You can simply install huggingface-hub
package with pip.
pip install huggingface-hub
Once you start the TGI server, instantiate InferenceClient()
with the URL to the endpoint serving the model. You can then call text_generation()
to hit the endpoint through Python.
from huggingface_hub import InferenceClient
client = InferenceClient(model="http://127.0.0.1:8080")
client.text_generation(prompt="Write a code for snake game")
You can do streaming with InferenceClient
by passing stream=True
. Streaming will return tokens as they are being generated in the server. To use streaming, you can do as follows:
for token in client.text_generation("How do you make cheese?", max_new_tokens=12, stream=True):
print(token)
Another parameter you can use with TGI backend is details
. You can get more details on generation (tokens, probabilities, etc.) by setting details
to True
. When it’s specified, TGI will return a TextGenerationResponse
or TextGenerationStreamResponse
rather than a string or stream.
output = client.text_generation(prompt="Meaning of life is", details=True)
print(output)
# TextGenerationResponse(generated_text=' a complex concept that is not always clear to the individual. It is a concept that is not always', details=Details(finish_reason=<FinishReason.Length: 'length'>, generated_tokens=20, seed=None, prefill=[], tokens=[Token(id=267, text=' a', logprob=-2.0723474, special=False), Token(id=11235, text=' complex', logprob=-3.1272552, special=False), Token(id=17908, text=' concept', logprob=-1.3632495, special=False),..))
You can see how to stream below.
output = client.text_generation(prompt="Meaning of life is", stream=True, details=True)
print(next(iter(output)))
# TextGenerationStreamResponse(token=Token(id=267, text=' a', logprob=-2.0723474, special=False), generated_text=None, details=None)
You can check out the details of the function here. There is also an async version of the client, AsyncInferenceClient
, based on asyncio
and aiohttp
. You can find docs for it here
ChatUI
ChatUI is an open-source interface built for LLM serving. It offers many customization options, such as web search with SERP API and more. ChatUI can automatically consume the TGI server and even provides an option to switch between different TGI endpoints. You can try it out at Hugging Chat, or use the ChatUI Docker Space to deploy your own Hugging Chat to Spaces.
To serve both ChatUI and TGI in same environment, simply add your own endpoints to the MODELS
variable in .env.local
file inside the chat-ui
repository. Provide the endpoints pointing to where TGI is served.
{
// rest of the model config here
"endpoints": [{"url": "https://HOST:PORT/generate_stream"}]
}
Gradio
Gradio is a Python library that helps you build web applications for your machine learning models with a few lines of code. It has a ChatInterface
wrapper that helps create neat UIs for chatbots. Let’s take a look at how to create a chatbot with streaming mode using TGI and Gradio. Let’s install Gradio and Hub Python library first.
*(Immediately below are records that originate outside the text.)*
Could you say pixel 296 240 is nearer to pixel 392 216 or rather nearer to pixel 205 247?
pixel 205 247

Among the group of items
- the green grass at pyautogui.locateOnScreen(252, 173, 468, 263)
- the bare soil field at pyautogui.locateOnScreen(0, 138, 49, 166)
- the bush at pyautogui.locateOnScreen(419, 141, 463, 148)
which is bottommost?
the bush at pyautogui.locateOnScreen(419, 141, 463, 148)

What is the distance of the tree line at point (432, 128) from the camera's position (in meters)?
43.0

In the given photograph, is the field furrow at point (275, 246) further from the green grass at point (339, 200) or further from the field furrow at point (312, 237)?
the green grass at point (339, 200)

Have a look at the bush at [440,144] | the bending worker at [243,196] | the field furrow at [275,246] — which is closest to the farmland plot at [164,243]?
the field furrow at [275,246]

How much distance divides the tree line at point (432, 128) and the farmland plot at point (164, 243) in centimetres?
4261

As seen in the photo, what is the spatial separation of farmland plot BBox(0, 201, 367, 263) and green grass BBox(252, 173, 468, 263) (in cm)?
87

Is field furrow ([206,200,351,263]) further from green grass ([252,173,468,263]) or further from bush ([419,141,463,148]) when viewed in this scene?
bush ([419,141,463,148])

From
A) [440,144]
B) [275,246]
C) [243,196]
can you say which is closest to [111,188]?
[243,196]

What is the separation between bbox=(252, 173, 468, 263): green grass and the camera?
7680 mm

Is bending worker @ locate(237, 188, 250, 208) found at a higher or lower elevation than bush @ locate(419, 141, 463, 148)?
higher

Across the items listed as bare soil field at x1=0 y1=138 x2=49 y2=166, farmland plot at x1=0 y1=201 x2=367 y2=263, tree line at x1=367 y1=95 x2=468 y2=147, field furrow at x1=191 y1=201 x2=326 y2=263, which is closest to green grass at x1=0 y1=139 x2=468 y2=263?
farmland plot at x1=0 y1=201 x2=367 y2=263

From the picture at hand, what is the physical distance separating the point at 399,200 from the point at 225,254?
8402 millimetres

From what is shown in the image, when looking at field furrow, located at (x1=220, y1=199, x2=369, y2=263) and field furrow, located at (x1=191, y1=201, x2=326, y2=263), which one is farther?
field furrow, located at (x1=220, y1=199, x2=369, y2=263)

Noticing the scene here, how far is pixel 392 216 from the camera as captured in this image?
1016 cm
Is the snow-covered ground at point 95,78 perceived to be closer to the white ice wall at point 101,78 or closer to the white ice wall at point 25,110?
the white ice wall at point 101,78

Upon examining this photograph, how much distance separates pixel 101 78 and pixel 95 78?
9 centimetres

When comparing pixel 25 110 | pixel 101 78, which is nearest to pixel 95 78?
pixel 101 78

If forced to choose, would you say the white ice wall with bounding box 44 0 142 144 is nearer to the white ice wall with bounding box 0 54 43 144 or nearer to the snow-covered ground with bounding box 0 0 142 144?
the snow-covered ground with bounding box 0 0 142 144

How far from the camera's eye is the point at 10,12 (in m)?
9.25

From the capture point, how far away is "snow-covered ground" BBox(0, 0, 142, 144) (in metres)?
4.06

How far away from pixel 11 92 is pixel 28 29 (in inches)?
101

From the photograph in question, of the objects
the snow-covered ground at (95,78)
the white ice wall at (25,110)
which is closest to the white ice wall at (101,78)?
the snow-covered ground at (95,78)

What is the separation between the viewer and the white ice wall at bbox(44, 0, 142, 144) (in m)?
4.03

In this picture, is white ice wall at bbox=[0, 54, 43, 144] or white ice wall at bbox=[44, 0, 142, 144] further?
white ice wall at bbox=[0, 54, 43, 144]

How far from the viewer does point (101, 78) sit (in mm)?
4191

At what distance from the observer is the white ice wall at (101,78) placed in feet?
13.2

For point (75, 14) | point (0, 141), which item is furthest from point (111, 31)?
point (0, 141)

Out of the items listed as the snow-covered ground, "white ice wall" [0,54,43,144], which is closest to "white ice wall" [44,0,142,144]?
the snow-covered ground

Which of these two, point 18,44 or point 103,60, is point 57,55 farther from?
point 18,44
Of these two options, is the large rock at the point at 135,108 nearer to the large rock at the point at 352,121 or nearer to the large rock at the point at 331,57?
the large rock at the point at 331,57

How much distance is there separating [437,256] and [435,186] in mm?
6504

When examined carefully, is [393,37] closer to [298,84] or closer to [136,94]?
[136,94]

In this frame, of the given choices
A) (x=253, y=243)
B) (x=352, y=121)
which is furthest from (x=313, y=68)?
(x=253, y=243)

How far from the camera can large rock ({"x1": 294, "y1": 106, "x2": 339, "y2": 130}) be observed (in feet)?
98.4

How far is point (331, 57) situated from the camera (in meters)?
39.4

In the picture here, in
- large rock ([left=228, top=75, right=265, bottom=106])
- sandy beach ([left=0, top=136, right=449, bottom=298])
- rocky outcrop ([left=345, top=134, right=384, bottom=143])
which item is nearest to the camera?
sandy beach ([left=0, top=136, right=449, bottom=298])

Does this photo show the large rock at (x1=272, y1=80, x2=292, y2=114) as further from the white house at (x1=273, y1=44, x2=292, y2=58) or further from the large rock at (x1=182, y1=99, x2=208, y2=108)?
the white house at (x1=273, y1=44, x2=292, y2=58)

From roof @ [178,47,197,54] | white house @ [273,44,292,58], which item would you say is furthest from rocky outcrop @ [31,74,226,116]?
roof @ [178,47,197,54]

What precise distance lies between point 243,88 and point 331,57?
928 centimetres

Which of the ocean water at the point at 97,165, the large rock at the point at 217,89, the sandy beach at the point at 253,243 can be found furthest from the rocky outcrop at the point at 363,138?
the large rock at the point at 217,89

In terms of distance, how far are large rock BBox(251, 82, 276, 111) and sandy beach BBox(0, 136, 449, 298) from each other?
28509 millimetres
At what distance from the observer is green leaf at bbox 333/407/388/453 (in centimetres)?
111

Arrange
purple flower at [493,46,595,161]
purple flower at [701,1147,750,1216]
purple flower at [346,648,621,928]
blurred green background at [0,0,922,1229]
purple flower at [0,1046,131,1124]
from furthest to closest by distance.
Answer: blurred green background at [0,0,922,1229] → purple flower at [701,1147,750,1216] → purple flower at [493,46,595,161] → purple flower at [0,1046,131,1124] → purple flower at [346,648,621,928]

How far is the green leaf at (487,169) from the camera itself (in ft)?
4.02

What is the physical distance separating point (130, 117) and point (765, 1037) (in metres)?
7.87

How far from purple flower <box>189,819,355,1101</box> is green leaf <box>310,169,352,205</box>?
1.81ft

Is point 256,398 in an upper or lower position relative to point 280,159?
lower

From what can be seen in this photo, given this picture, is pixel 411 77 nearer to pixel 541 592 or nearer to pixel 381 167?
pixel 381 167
pip install huggingface-hub gradio
Assume you are serving your model on port 8080, we will query through InferenceClient.
import gradio as gr
from huggingface_hub import InferenceClient
client = InferenceClient(model="http://127.0.0.1:8080")
def inference(message, history):
partial_message = ""
for token in client.text_generation(message, max_new_tokens=20, stream=True):
partial_message += token
yield partial_message
gr.ChatInterface(
inference,
chatbot=gr.Chatbot(height=300),
textbox=gr.Textbox(placeholder="Chat with me!", container=False, scale=7),
description="This is the demo for Gradio UI consuming TGI endpoint with LLaMA 7B-Chat model.",
title="Gradio 🤝 TGI",
examples=["Are tomatoes vegetables?"],
retry_btn="Retry",
undo_btn="Undo",
clear_btn="Clear",
).queue().launch()
The UI looks like this 👇
You can try the demo directly here 👇
You can disable streaming mode using return
instead of yield
in your inference function, like below.
def inference(message, history):
return client.text_generation(message, max_new_tokens=20)
You can read more about how to customize a ChatInterface
here.
API documentation
You can consult the OpenAPI documentation of the text-generation-inference
REST API using the /docs
route. The Swagger UI is also available here.